AML Expertise for Check Cashers
Since AML regulation continues to evolve, check cashing businesses rely on AML experts to keep their compliance programs up to date. The threat of financial fraud may extend beyond current regulation based on location, the services offered, and other business-specific factors. An AML expert can take all of these variables into account and advise you on how to craft a comprehensive compliance program to keep fraudulent behavior out of your business.
For professionals, the Certified Anti-Money Laundering Specialist (CAMS) certification is the gold standard. The training and designation is provided by ACAMS, an international organization committed to supporting the knowledge, skills, and expertise of AML professionals.

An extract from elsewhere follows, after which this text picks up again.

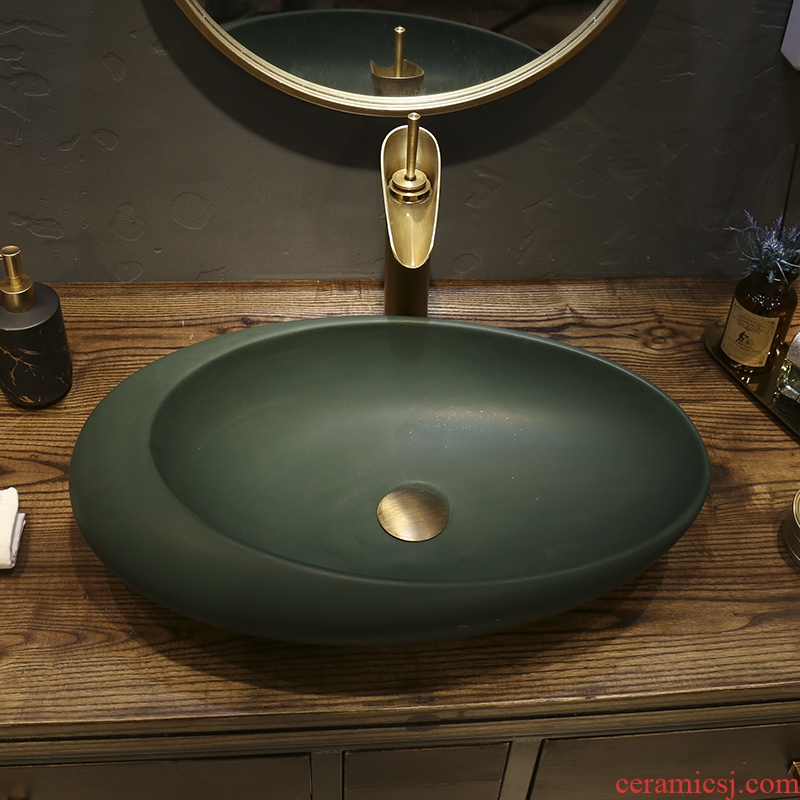 Nordic stage basin art ceramic oval, square, household sink sink basin on creative contracted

This member-based network created the CAMS to standardize how we test those who are entrusted with the detection and prevention of money laundering.
Money service businesses like check cashers particularly benefit from compliance consulting and legal advice since maintaining a bank account is paramount to their business model. Financial institutions are only willing to work with fully compliant check cashers, if they are willing to work with them at all. The trend of derisking makes finding and holding a real MSB bank account even more challenging than ever before.
AML Regulation & Trends
The threat of derisking refers to the phenomenon of banks closing down accounts for specific industries, rather than assessing the risk on an account by account basis. Industries that are deemed “risky” by Operation Choke Point include money service businesses, firearms dealers, lottery sales, coin dealers, and credit repair services. The list was retracted formally by FinCEN in early 2015, but the damage to the reputations of these industries was done.

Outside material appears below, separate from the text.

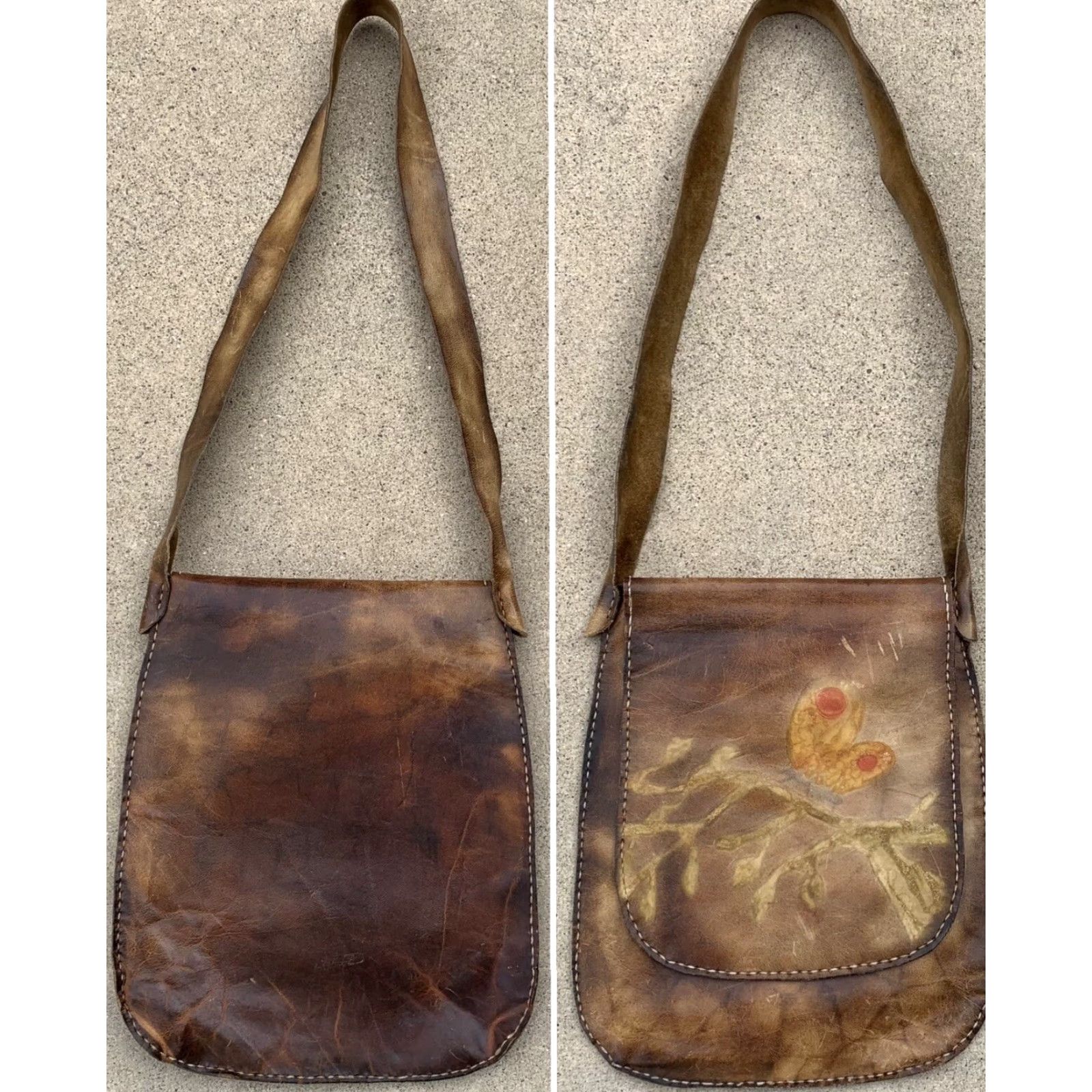 Vintage VINTAGE leather hippy shoulder bag butterfly front flap purse hippie chic boho butterfly Size ONE SIZE - 7 Thumbnail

Banks eager to lower risk and shed compliance cost are still opting to terminate the bank accounts of check cashers, money transmitters, and money service businesses as a whole. As financial institutions work to balance their own AML risk, cutting out accounts they deem “risky” is the favored approach of big banks. If the bank and the money service business have an AML expert on their team, they can work together to forge a compliant and profitable relationship.

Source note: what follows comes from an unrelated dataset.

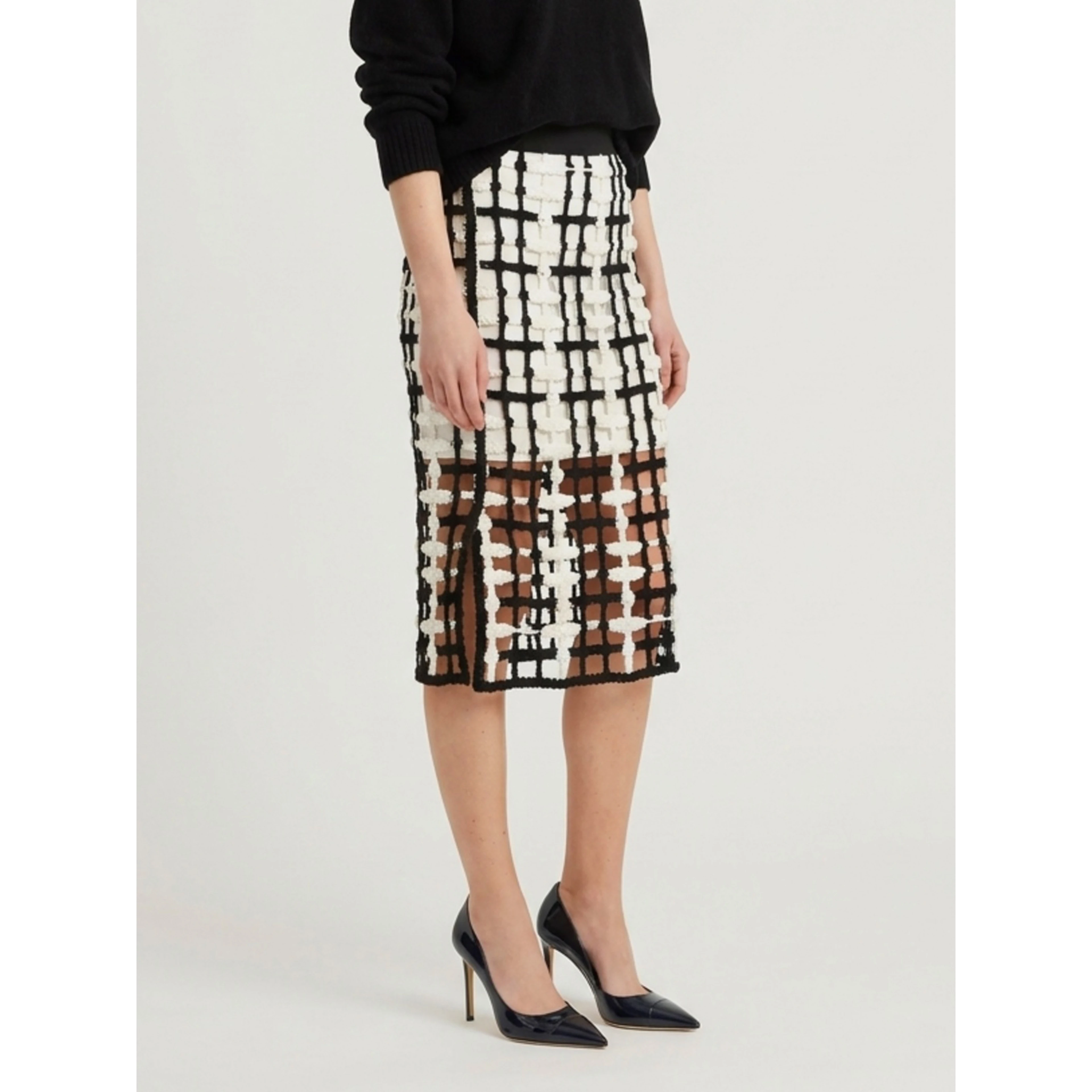 Black  mesh midi skirt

We know that derisking is a major threat, but let’s take a look at how a few other current AML trends are affecting check cashers. According to Lexology, regulators are cracking down on the so-called “internal controls” for AML. This includes the measures taken to identify and report suspicious activity in a timely manner. Between March 2016 and June 2017, regulators brought 40 enforcement cases with penalties totaling $1 billion against financial institutions.
The majority of these cases targeted AML programs that were either absent or insufficient. These gaps led to a failure to file the necessary paperwork for Suspicious Activity Reports (SARs) and Currency Transaction Reports. Both of these reports are designed to aid in the detection and prevention of money laundering.
FinCEN recently added a fifth pillar to its BSA requirements: enhanced customer due diligence. This new pillar requires check cashers to verify the identify of all new customers as well as their purpose for opening a new account. Check cashers rely on their POS check cashing technology to collect the data needed to comply with Know Your Customer (KYC) requirements.
Now, BSA programs will encompass the following pillars:
- Internal policies
- Procedures and controls to prevent money laundering
- A qualified BSA Officer
- Ongoing employee AML training
- Independent audit function to test the BSA program
As regulations change, many check cashers are forced into a cycle of playing “catch up.” The most efficient and compliant check cashers employ experts to help them stay ahead of the curve. By adopting federal regulations before they become official mandates, your check cashing business can avoid penalties and fines. Staying on top of your compliance also frees up your time so that you can focus on expanding your reach in the community and nurturing your existing customer base.
NCC’s Commitment to AML Compliance Efforts
NCC works to keep both financial institutions and the check cashers they serve compliant. To do this, NCC facilitates transparent and efficient relationships through cutting edge POS technology to keep everyone on the same page. At any point in time, the financial institution can see what is happening at the money service business. The MSB owner can manage multiple locations and toggle between a birds eye view and specific data points. When banks and check cashers stay compliant, they are able to divert their attention to growing their business.
In order to honor this unwavering commitment to check cashing compliance, NCC works with experienced federal agents with investigative and regulatory experience. NCC’s Director of Banking Mark Ochab is a former federal agent with hands-on experience fighting financial crime.
As the alternative financial services industry evolves, NCC will stay ahead of the curve. This forward-facing mindset is the motivation behind NCC’s cutting edge POS technology and high caliber team. NCC serves the check cashing industry with reliable MSB bank accounts and strategic MSB services.
These services are the icing on the cake for check cashing clients. NCC’s supported MSB services include Remote Deposit Capture (RDC), Automated Clearing House (ACH) deposits, wire transfer, armored cash delivery, advanced POS technology, and more. Together, these services give check cashers all of the tools they need to run a compliant and successful money service business.